CS110: Principles of Computer Systems
Winter 2021-2022
Stanford University
Instructors: Nick Troccoli and Jerry Cain
Unix v6 Filesystem design, part 1 (files)
Unix v6 Filesystem design, part 2 (large files + directories)
Interacting with the filesystem from our programs
assign2: implement portions of a filesystem!
Today's Ed Thread: https://edstem.org/us/courses/16701/discussion/996212
open()
A function that a program can call to open a file, and potentially create a file:
// if opening an existing file
int open(const char *pathname, int flags);
// if there's potential to create a new file
int open(const char *pathname, int flags, mode_t mode);
Many possible flags (see man page).

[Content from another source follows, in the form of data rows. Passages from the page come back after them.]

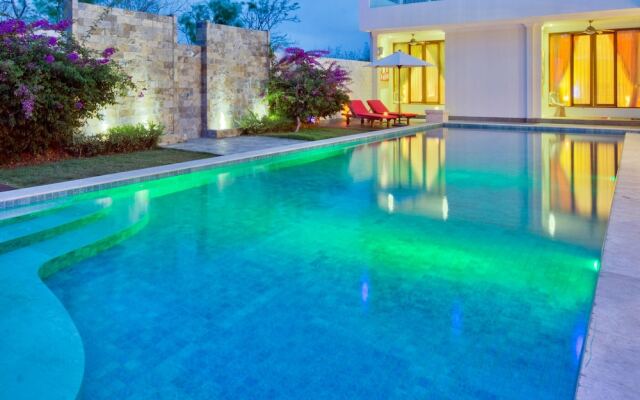 Sunset villa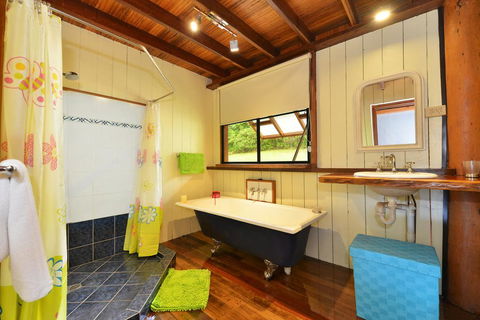 Tea Tree Cottage - Accommodation QLD 3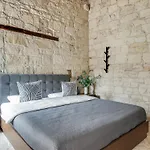Andre Marie Stonewood Retreat *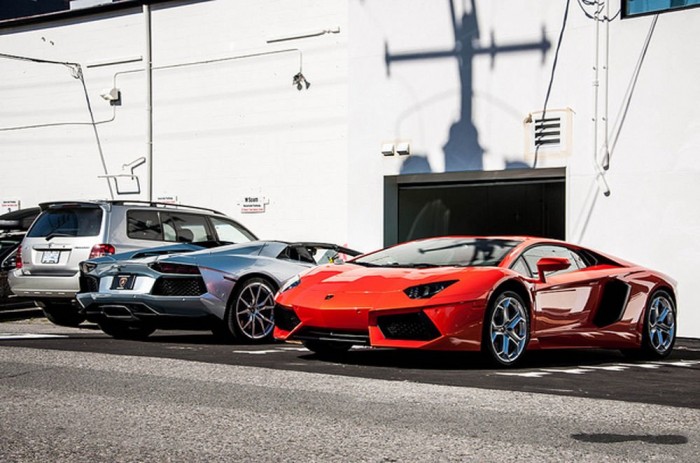 Melyik Lamborghini repül messzebbre? 3 | Vezess Melyik Lamborghini repül messzebbre? 3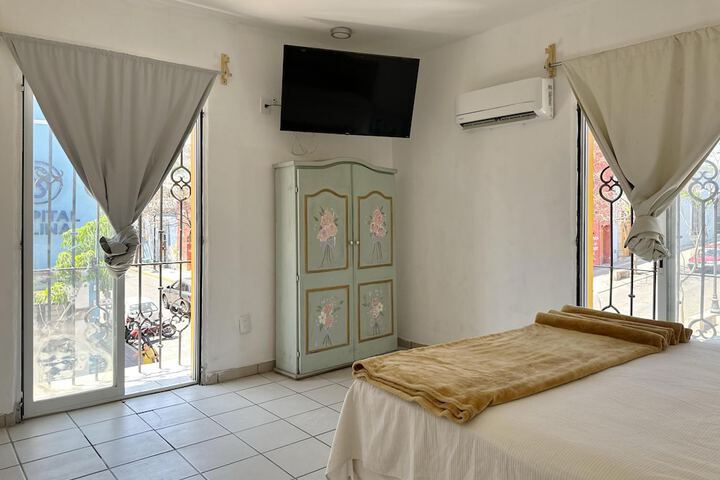 Room 8 of 15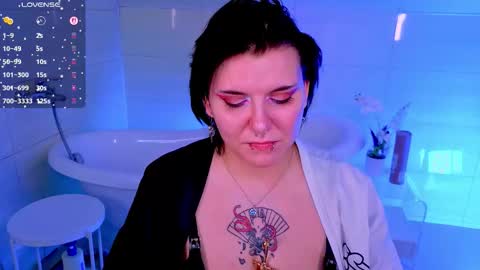 Snapshot of bluelunaray chatting on 22, 11, 2025 Hi my name is Lunaray online show from 22, 11, 2025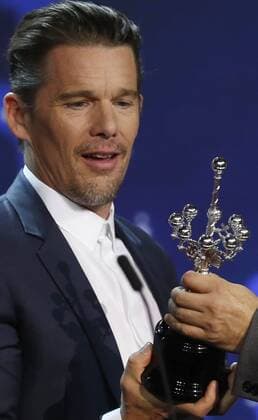 US actor Ethan Hawke receivies the Donostia award in recognition to his career during the 64th edition of the San Sebastian International Film Festival in San Sebastian, northern Spain, 17 September 2016. The festival will run from 16 to 24 September 2016. SAN SEBASTIAN INTERNATIONAL FILM FESTIVAL !ACHTUNG: NUR REDAKTIONELLE NUTZUNG!  GRA506 20160918-636097969667128218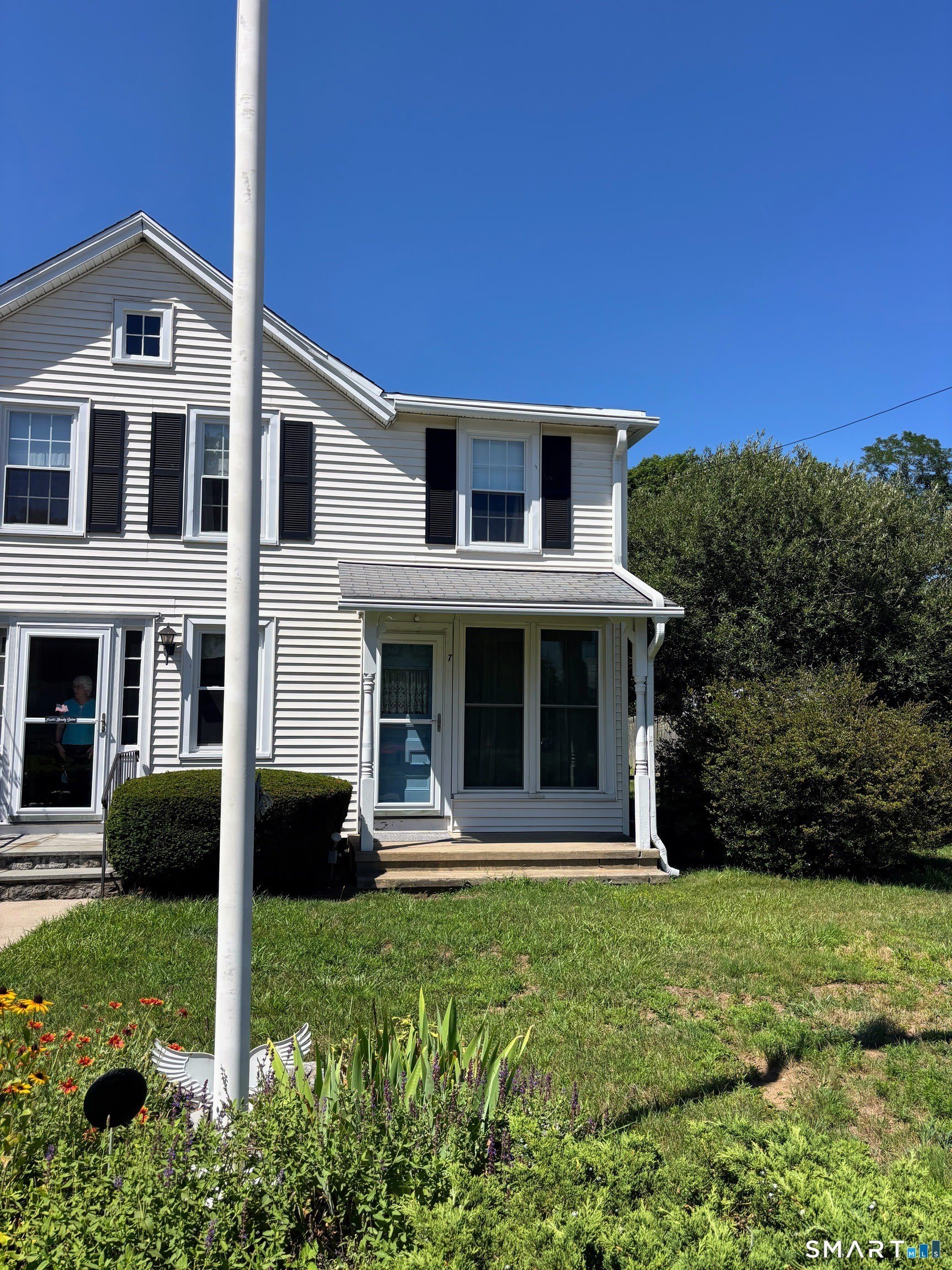 7 Main Street – photo 1 of 19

You must include exactly one of O_RDONLY, O_WRONLY, O_RDWR.
O_TRUNC: if the file exists already, clear it ("truncate it").
O_CREAT: if the file doesn't exist, create it
O_EXCL: the file must be created from scratch, fail if already exists
close()
A function that a program can call to close a file when done with it.
int close(int fd);
It's important to close files when you are done with them to preserve system resources.
You can use valgrind to check if you forgot to close any files.
read()
and write()
// read bytes from an open file
ssize_t read(int fd, void *buf, size_t count);
// write bytes to an open file
ssize_t write(int fd, const void *buf, size_t count);
Same as read(), except the function writes the count bytes in buf to the file, and returns the number of bytes written.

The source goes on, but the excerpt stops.